Although I don’t drink much, when I do, I make sure to expand my culinary glossary.
By the way, was it green or red shiso? Also being a former Japan resident, I’m curious. Red shiso would make a helluva drink, too.
Let’s move on to the food, shall we?
Food
If you want the tl; dr version, here you go: damn good food. I might have a couple of quibbles here and there, more importantly they’re aspects that can be easily fixed.
For example, the guacamole:
What could I possibly skewer about the guacamole? It has chunky and smooth avocado, tomatoes, pimentón (smoky Spanish paprika), and cilantro. However, it was quite salty. Never mind that it was served with some fantastic totopos (tortilla chips), which were lightly salted. It was a very good combo that had a rare misfire in the sodium department.
Was that the only dish of the night where the chef was a bad, nay, lackluster hombre?
Actually, yes. All of the other dishes were delicious. Simple as.
On the other hand, I was surprised to see something from the Midwest … -ern United States appear on the menu.
Where’d this one come from? Remember, earlier I said that Chef Ruben chefs something fierce. Whatever he feels like throwing on the menu, as a one-off or a seafood, you will never guess it.
And the meat melted right off of the bone. The sour-sweet of the grilled lime was an unexpected bone-us.
An order of Brussels sprouts was another curveball, yet expertly prepared. I’m in that oddball camp of having always liked Brussels sprouts, so to try them elevated with habanero aioli and lime was fire. Writing “fire” as an adjective makes me sound too young, so I’m done with that.
What’s the allure of Brussels sprouts anyway? They don’t have a good aroma, right? Just add some of that habanero aioli, and you will understand. They’re crispy, crunchy, and soft at the same time, and might even make a good accompaniment to queso fundido (call it a Mexican fondue).

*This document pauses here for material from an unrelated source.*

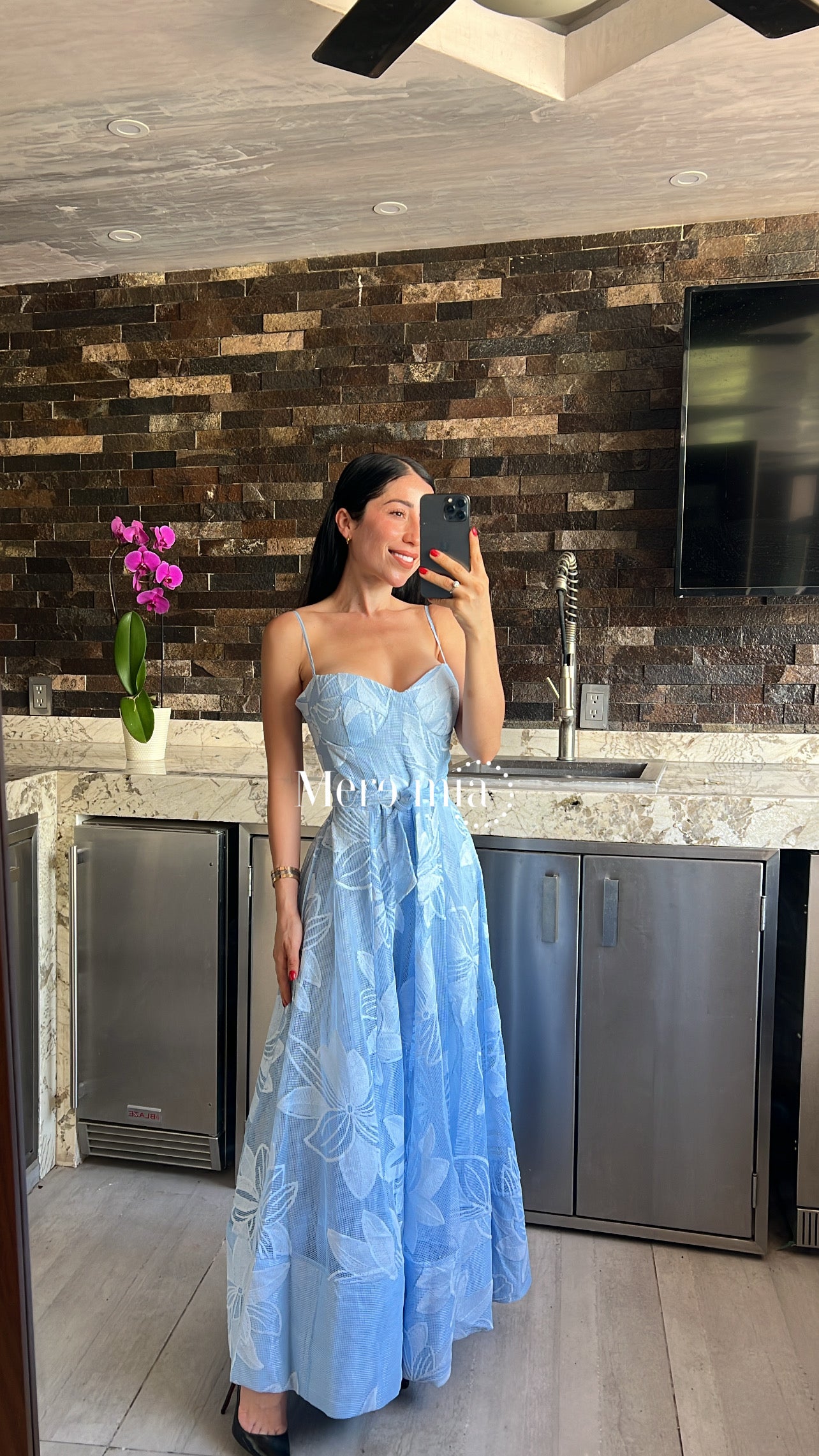 Vestido flores estampado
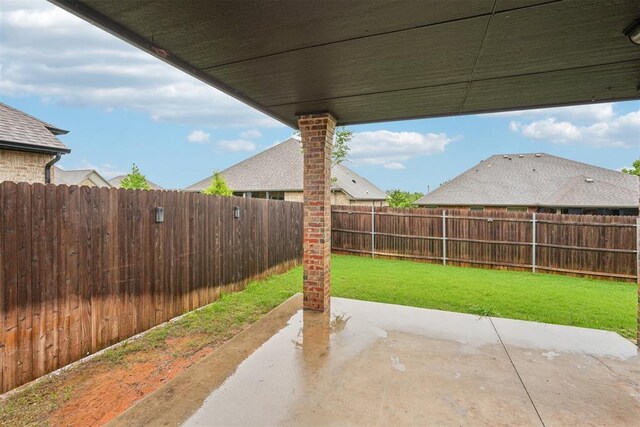 view of patio / terrace featuring a fenced backyard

Intermission – Glass of Wine
Pet Nat? What?
It stands for Pétillant Naturel, where sparkling wine completes its final stage of fermentation in the bottle. I’m not a fan of sparkling wine/Champagne, and this glass was no different. But hey, it’s another glossary term.
Back to the food
Sweet purée (I wonder if it was celeriac) helped fend off the saltiness of the corn nuts, and also provided a light textural shift from the sturdy red beans. The leaf salad reminded me that I love vegetables, and that they’re welcome on my plate at anytime.
By the way, there are vegetarian and vegan dishes available, should the thought of mollusks and crustaceans turn your taste buds shy.
Wait a second … Bad Hombre is a Mexican seafood place, right?
Darn tootin’!
High marks all around.
That hamachi — yellowtail tuna — was the bee’s knees. Buttery mouth feel, tasting as if a fisherman were in the back hurling the day’s catch onto the cutting board. You might be a serious contender for a NoWorkAllTravel top eat of 2024.
Not to mention the carpaccio-thin scallops, shrimp, and octopus, all served with similar-looking yet pleasantly contrasting broths.
Oh, and there’s that other thing.
I didn’t even look at the menu, so just presumed it was lobster.
Turns out, this was a shrimp taco. With crema and a lime-topped Modelo, I could have been in Rosarito.
Dessert
After a long chat with the genial Bad Hombre co-owner Raúl, I was convinced to try a dessert. The savory and umami dishes were peak sufficient, but I caved in for a coconut semifreddo with grapefruit granitas (no churros?):
The photo might make it appear that there’s nothing left, but the color of the coconut semifreddo smoothly blended in with that of the shallow bowl.
Just another moonshot of some fantastic bites at East Village’s Bad Hombre.
Loved the Bar says
Saw this on BoardingArea and laughed as I also recently ate there and loved it. Food, drink, you nailed it however the real standout was the vibe. I walked in and felt like I was a part of something secret without that feeling of pretentiousness. Great night.
NoWorkAllTravel says
Appreciate your comment! It was a laid-back and unassuming part of 2nd Ave, that’s true. Anyway, I wouldn’t be cool enough for a speakeasy-type cevicheria!